[Opening Entries supplied section]

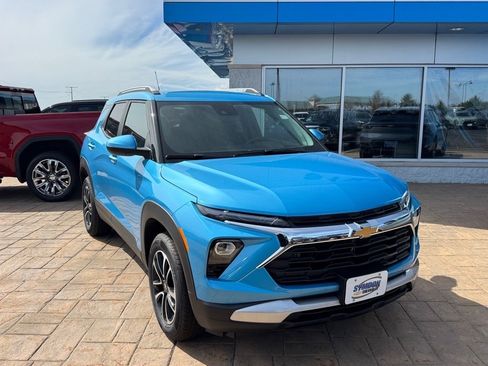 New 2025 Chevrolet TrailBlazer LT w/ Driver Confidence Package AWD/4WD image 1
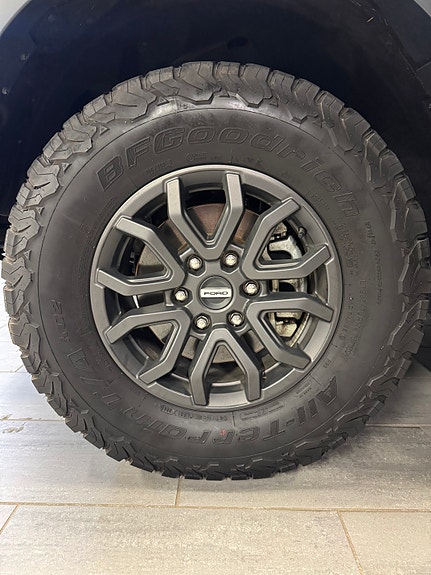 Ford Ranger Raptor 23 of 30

[Closing Entries supplied section]
[Opening Entries supplied section]

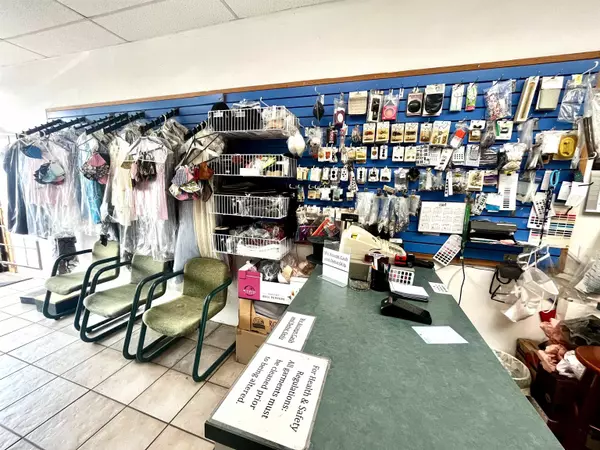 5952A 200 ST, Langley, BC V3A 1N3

[Closing Entries supplied section]

=== Aim of the task ===
Start at the line above containing "New 2025 Chevrolet" and stop at the line containing "Ford Ranger Raptor 23 of 30": print those lines and everything between them exactly, but not the pictures.

=== Exercise result ===
 New 2025 Chevrolet TrailBlazer LT w/ Driver Confidence Package AWD/4WD image 1
 Ford Ranger Raptor 23 of 30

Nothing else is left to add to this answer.